Data for this task:
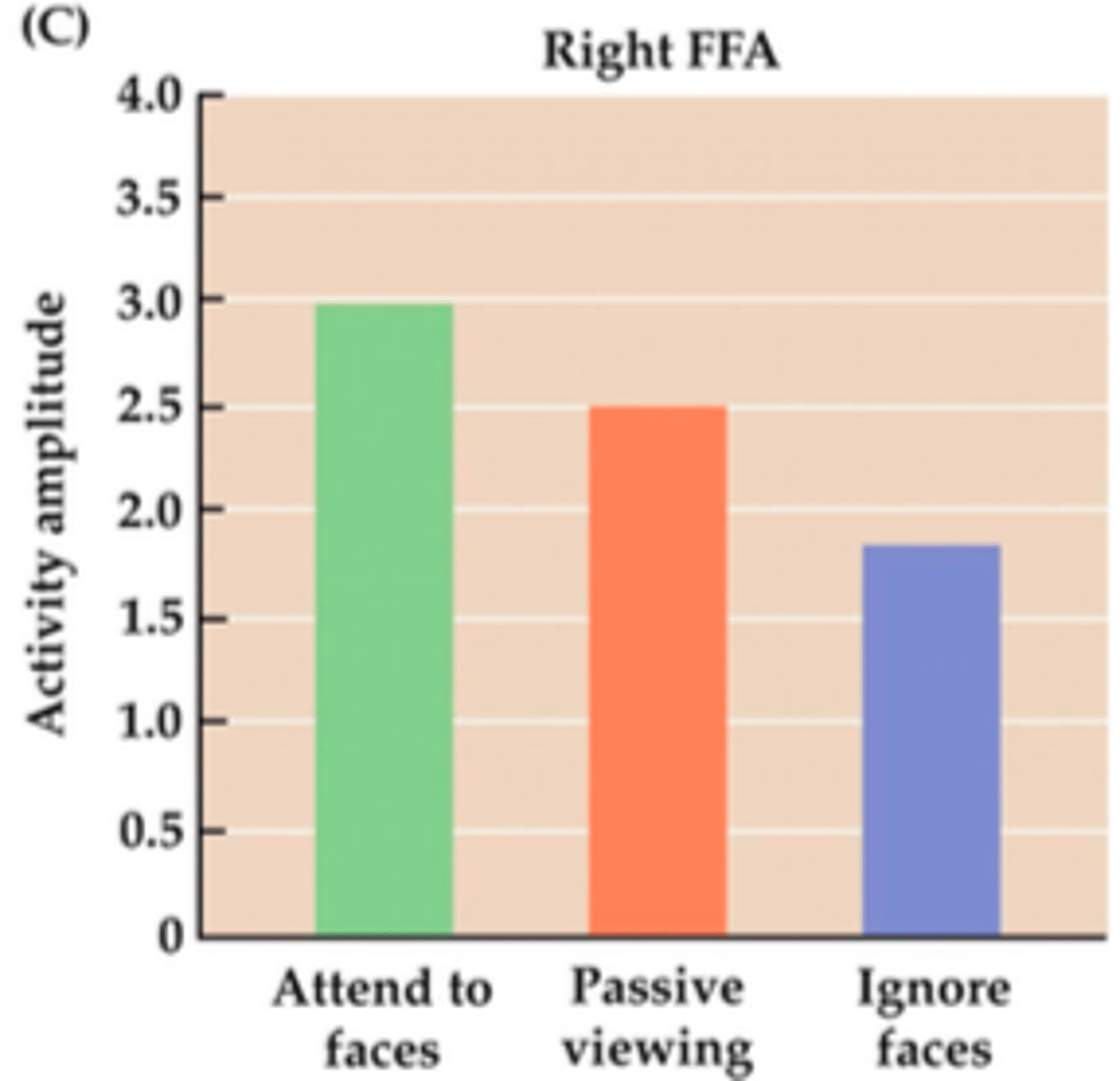 <p>A study was done by Gazzaley et al. in 2005 on visual attention to objects, In the fusiform face area the activity was greatest when the subjects were attending to faces. They were also attending to scenes. And were told to attend to one or the other and ignore the other.</p>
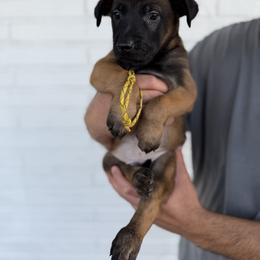 Chorus - Mahogany male Belgian Malinois puppy in Deerfield Beach, Florida from vd Hunde der neuen Äre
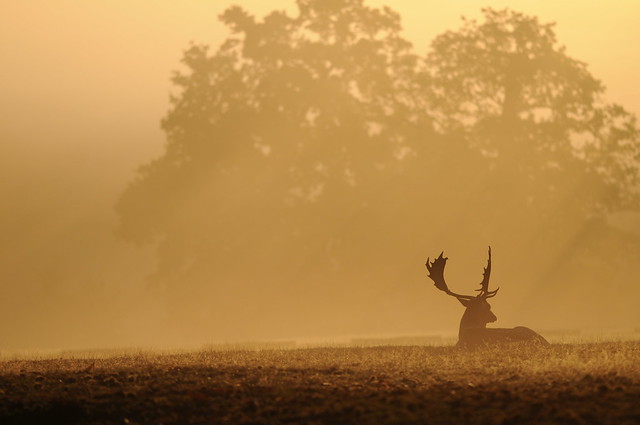 Fallow deer stag in the fog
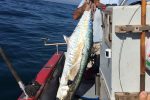 Koos Viviers has had long relationship with big couta on the KZN South Coast
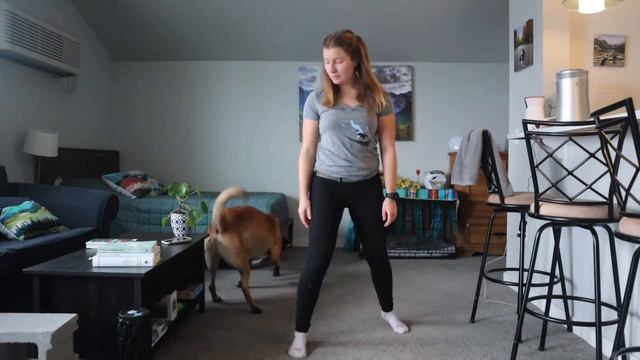 Ready, Set, DOWN! An Impulse Control Game for Dogs смотреть онлайн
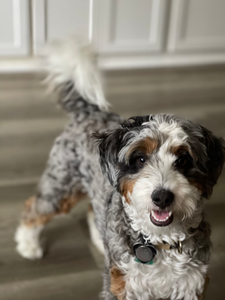 F1B Mini Bernedoodle Bella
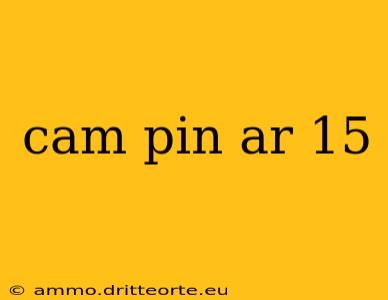 cam pin ar 15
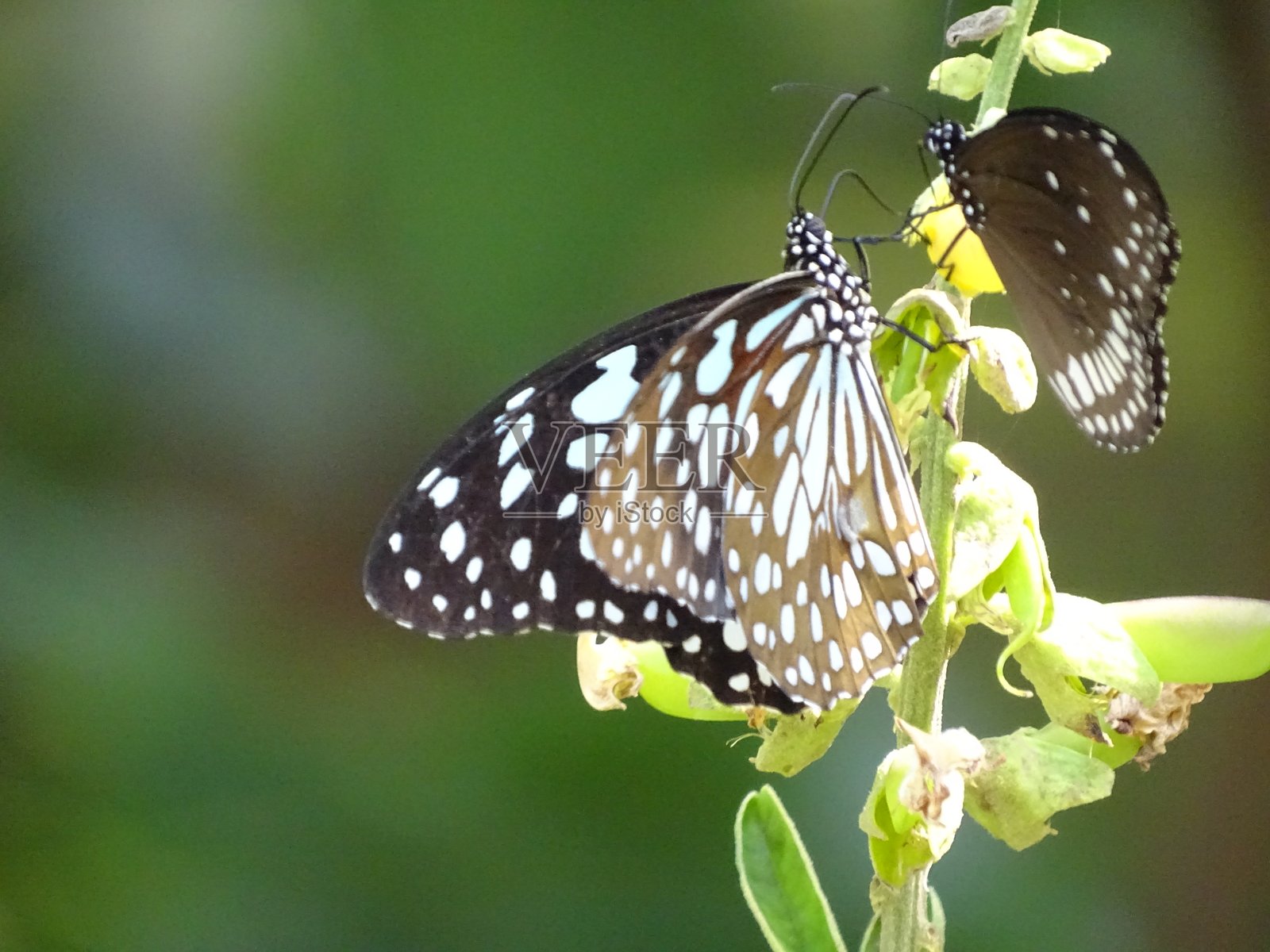 蝴蝶昆虫照片摄影图片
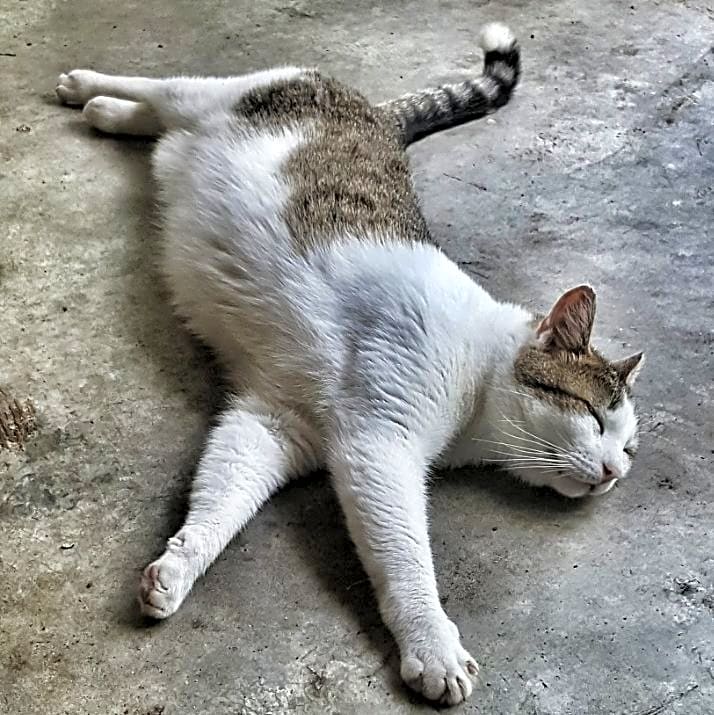Photo of Dexter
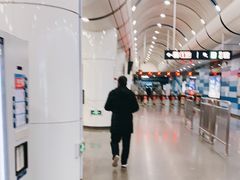 -大望路(地铁站)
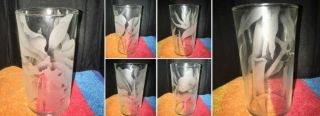 Vtg Frank Oda Hawaiian Floral Etched Glassware 6pc.  Set Collectable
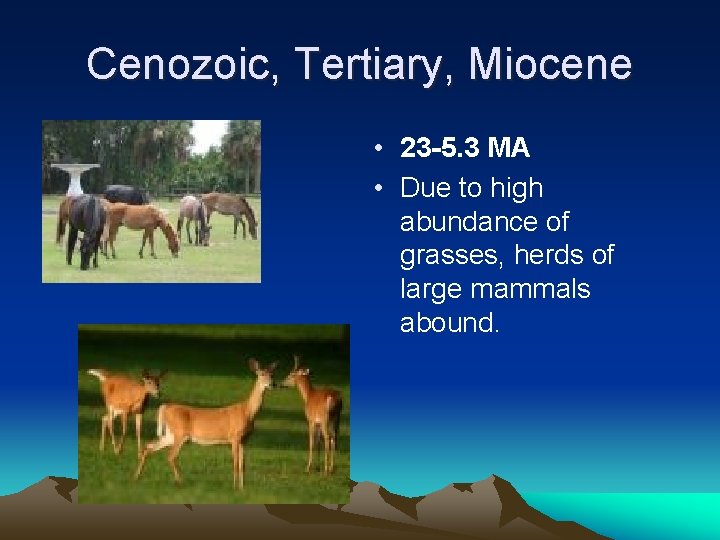 Cenozoic, Tertiary, Miocene • 23 -5. 3 MA • Due to high abundance of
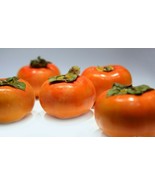 Live Plant Fuyu Persimmon Tree 1 To 2 Ft Sapling Seedling Diospyros Kaki... - $1,311.47 MXN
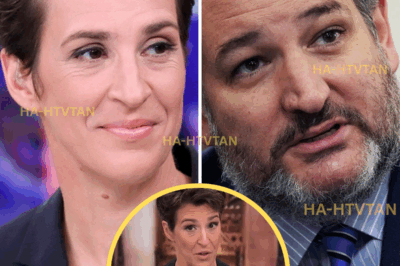 BOMBSHELL: RACHEL MADDOW UNLEASHES FURY ON TED CRUZ AFTER SCANDALOUS $428 MILLION DONATION FRAUD—ACCUSES HIM OF POCKETING FUNDS MEANT FOR TEXAS FLOOD VICTIMS!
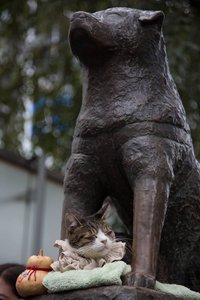 14889771_10211489751185303_7825352657516566316_o.jpg (2129 просмотров) <a class='original' href='./download/file.php?id=93833&mode=view' target=_blank>Загрузить оригинал (80.76 КБ)</a>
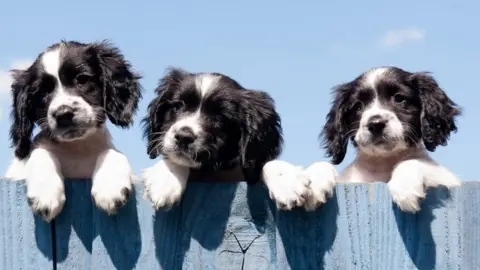 Puppies looking over a fence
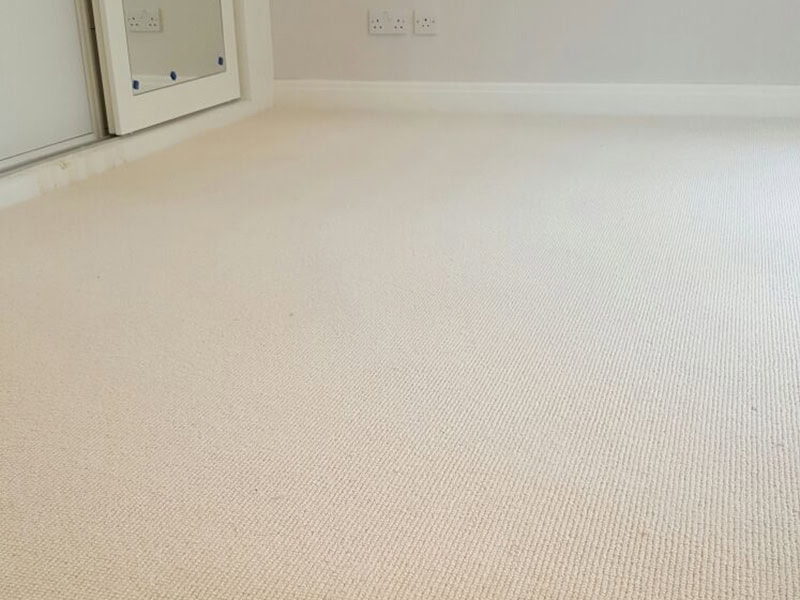Carpet - Home 38706 - Carpet - Residential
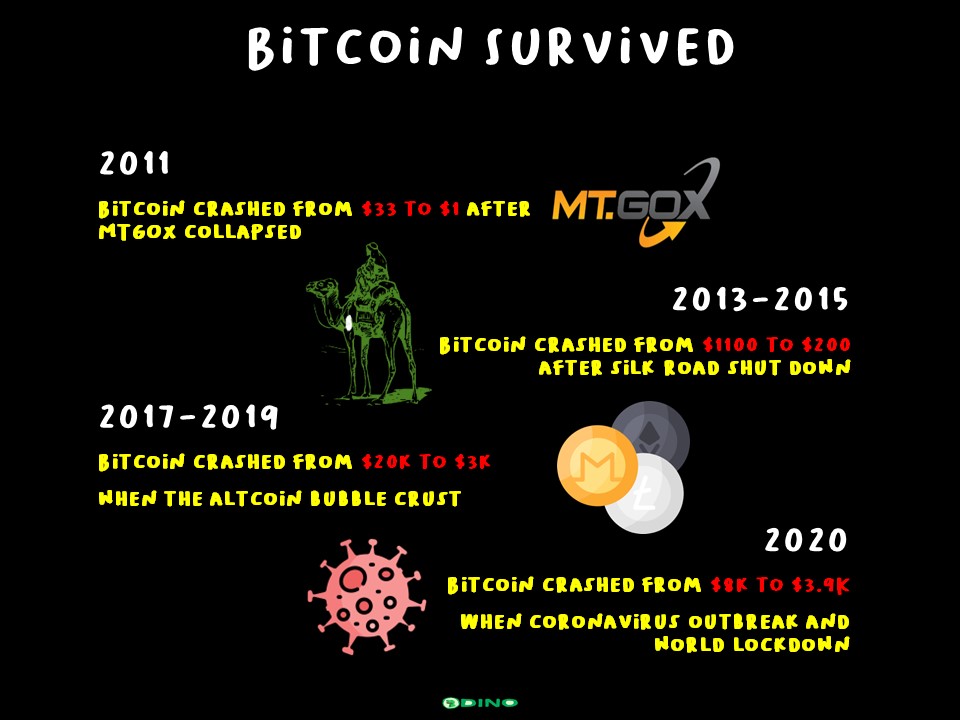 Bitcoin Survived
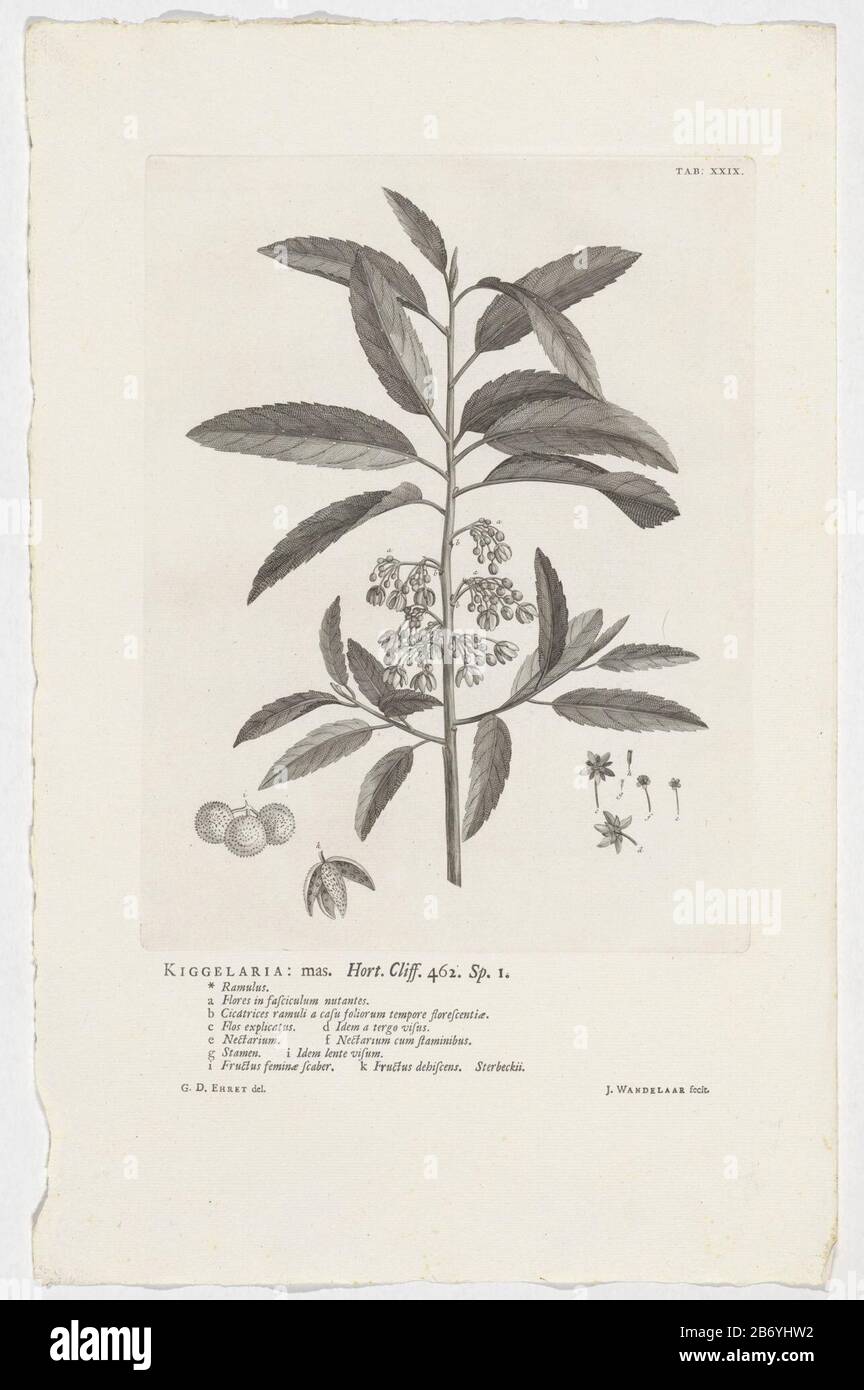 Kiggelaria africana Kiggelaria mas Hort Cliff 462 sp 1 (titel op object) Top Right bemerkt: Tab: XXIX. Hersteller : Druckmaschine: Jan Walker (auf dem Objekt angegeben) zur Zeichnung von: Georg Dionys Ehret ( auf dem Objekt angegeben) Ort Herstellung: Warmond Datum: 1738 Physikalische Eigenschaften: Ätzung und Briefpressdruck Druckmaterial: Papiertechnik: Ätzung / Briefpressdruck Format: Plattenkante: H 289 mm × W 222 mmToelichtingPrent wird als Illustration verwendet in: Linnaeus, Carolus. Hortus Cliffortianus zeigt Plantas quas in Hortis Tame Vivis quam siccis, Hartecampi in Hollandia, Coluit (...) Georgiu Stockfoto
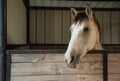 Beautiful Horse in Texas Hill Country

Your instructions:
Nothing but the lines from the one with "Puppies looking over a fence" through the last line of the records should appear in your answer, each exactly as written and without pictures.

Answer to the exercise:
 Puppies looking over a fence
Carpet - Home 38706 - Carpet - Residential
 Bitcoin Survived
 Kiggelaria africana Kiggelaria mas Hort Cliff 462 sp 1 (titel op object) Top Right bemerkt: Tab: XXIX. Hersteller : Druckmaschine: Jan Walker (auf dem Objekt angegeben) zur Zeichnung von: Georg Dionys Ehret ( auf dem Objekt angegeben) Ort Herstellung: Warmond Datum: 1738 Physikalische Eigenschaften: Ätzung und Briefpressdruck Druckmaterial: Papiertechnik: Ätzung / Briefpressdruck Format: Plattenkante: H 289 mm × W 222 mmToelichtingPrent wird als Illustration verwendet in: Linnaeus, Carolus. Hortus Cliffortianus zeigt Plantas quas in Hortis Tame Vivis quam siccis, Hartecampi in Hollandia, Coluit (...) Georgiu Stockfoto
 Beautiful Horse in Texas Hill Country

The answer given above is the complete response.